Por Eduardo Luis Aguirre

Cuando parecía que un  determinismo inexorable en la historia política continental marcaba, uno por uno, el ocaso de los experimentos populistas, el triunfo de Lenin Moreno, garante del rumbo impuesto en Ecuador por el correísmo, acaba de fortalecer el presente e iluminar el futuro de los pueblos del sur.



El promocionado “fin de ciclo” de la era progresista fue frenado en seco con el espaldarazo de Quito.

Los movimientos populares gozan ahora de un hándicap de cuatro años y la vigencia incólume de Evo Morales, para construir en espejo una alternativa superadora de las nuevas derechas y de lo que los propios populismos evidenciaron cuando les tocó ser gobierno. La realidad venezolana parece demandar más apoyos que los que puede objetivamente proporcionar en momentos de extrema complejidad política e institucional.

Pensar el futuro de las épicas emancipatorias en América supone una tarea de una complejidad incompatible con un posteo habitual.

Pero, aún en las fronteras de esta obligada brevedad, es posible pensar algunas ideas fuerza de cara al futuro.

Las generosas vigencias de los gobiernos populistas pusieron de relieve una serie de matices que los diferenciaron entre sí, pero también una serie ostensible de denominadores comunes.

En primer lugar, exhibieron una capacidad indiscutible para asumir e imponerse en las primeras batallas culturales que debieron afrontar. Esos antagonismos consistieron en dotar de sentido sus épicas respectivas, señalizando las contradicciones históricas entre pueblo y clases dominantes que asolaron a los países del continente y reivindicando el sentido y la vigencia de los estados en manos de sectores que no representaban los intereses del capital concentrado y las oligarquías locales.

Sin embargo, a la hora de dirimir la segunda contienda cultural, los populismos fueron mucho menos sólidos. A sus errores políticos, se sumaron groseros yerros teóricos, una dificultosa lectura de la volátil realidad del mundo transmoderno, claras inconsistencias al momento de articular proyectos estratégicos de liberación nacional y social, estrecha comprensión de los términos de los nuevos antagonismos culturales, indecisiones al momento de concretar finalmente alianzas regionales e internacionales alternativas, e incomprensibles defecciones éticas. Adelantamos desde ya: no hay espacio en el futuro para volver a incurrir en estas debilidades.

Tampoco, para confundir el adversario o reincidir en la incomprensión de que la política no puede tener una lógica centrífuga, pero, tampoco, centrípeta.

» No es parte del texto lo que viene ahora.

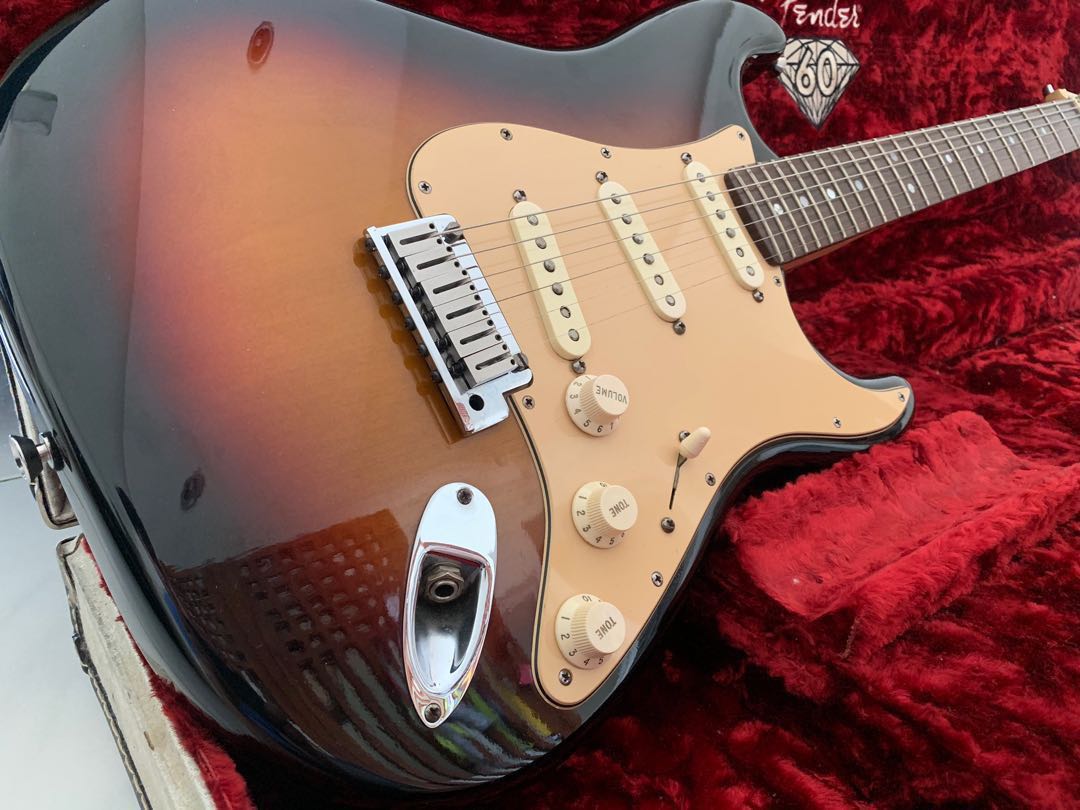 Fender stratocaster 60th anniversary store diamond edition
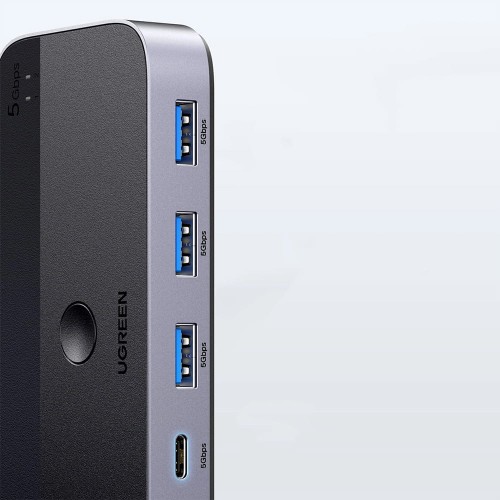 ugreen-cm662-usb-3.0-sharing-switch-2-in-4-out-black-03.jpg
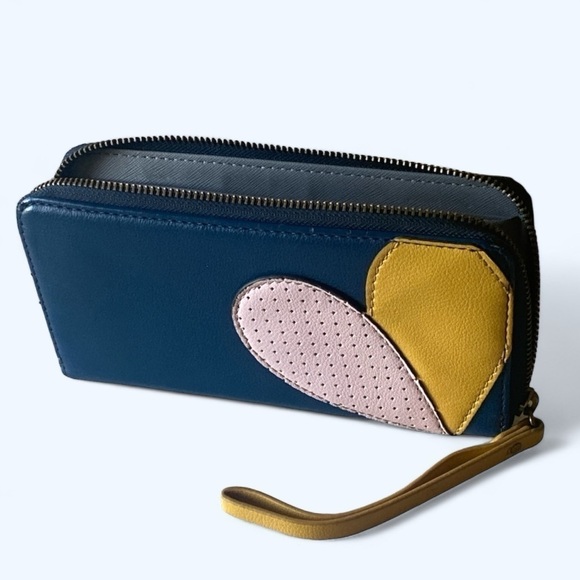 Fossil Leather Long Wallet. Blue with Hand sewn Leather Pedals Size 8” x 4” ECU - Picture 7 of 10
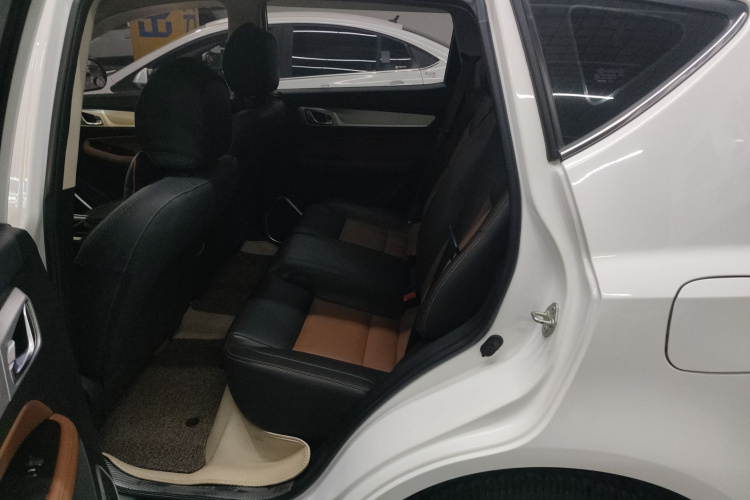 吉利汽车 远景X6 2018款 1.4T CVT 4G互联豪华型中控内饰21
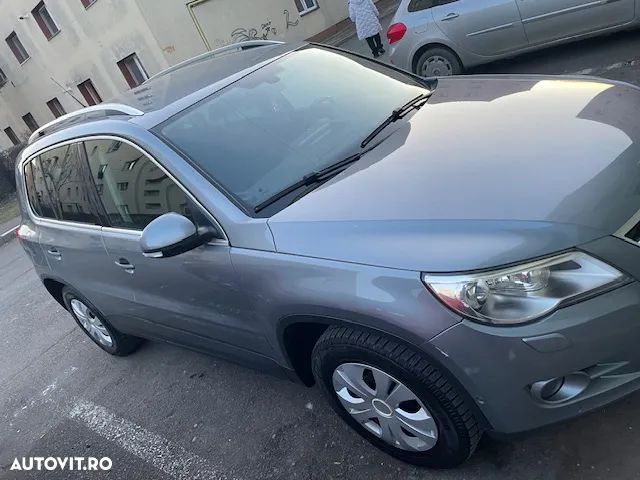 Volkswagen Tiguan ver-2-0-tdi-4motion-dsg-sport-style - 2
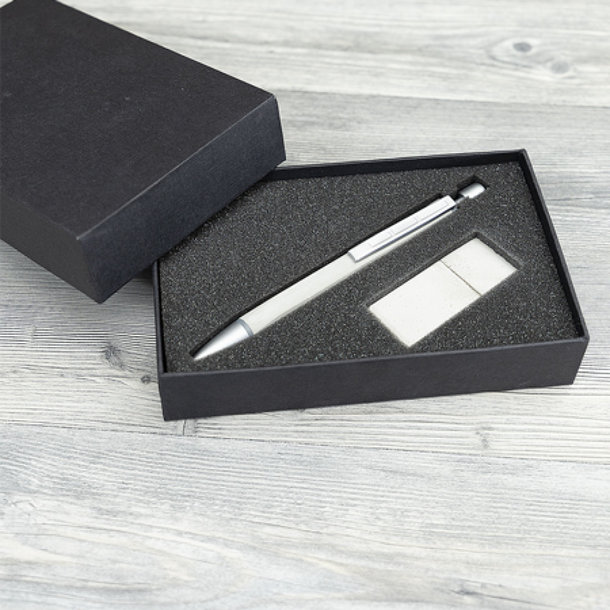 exclusives Beton-Präsent-Set: USB Stick major & Kugelschreiber von "STAEDTLER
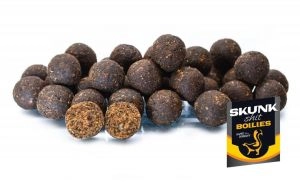 Boilies chytacie Skunk 250g 20mm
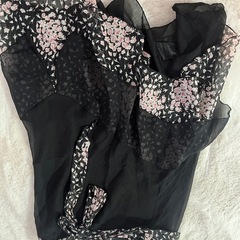 新品あり、レディースまとめて服の画像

Era sabido que las nuevas derechas constituyen espacios políticos diferentes de las que existían en épocas del Consenso de Washington. Si queremos seguir denominándolas neoliberalismo para acordar un significante o construir una abreviatura de calle, perfecto. Pero este conservadurismo duro carece de una valorización positiva de los postulados filosófico políticos e incluso de la democracia formal del liberalismo temprano. Son corrientes autoritarias, violentas, racistas, clasistas y portan un espíritu vengativo y revanchista quizás sin precedentes en América Latina. Están dispuestas a todo, incluso a promover los peores desenlaces fratricidas. Son la expresión de un capitalismo cuyo objetivo estratégico es la colonización de subjetividades y el saqueo legitimado. A eso tendrán que enfrentarse los pueblos latinoamericanos.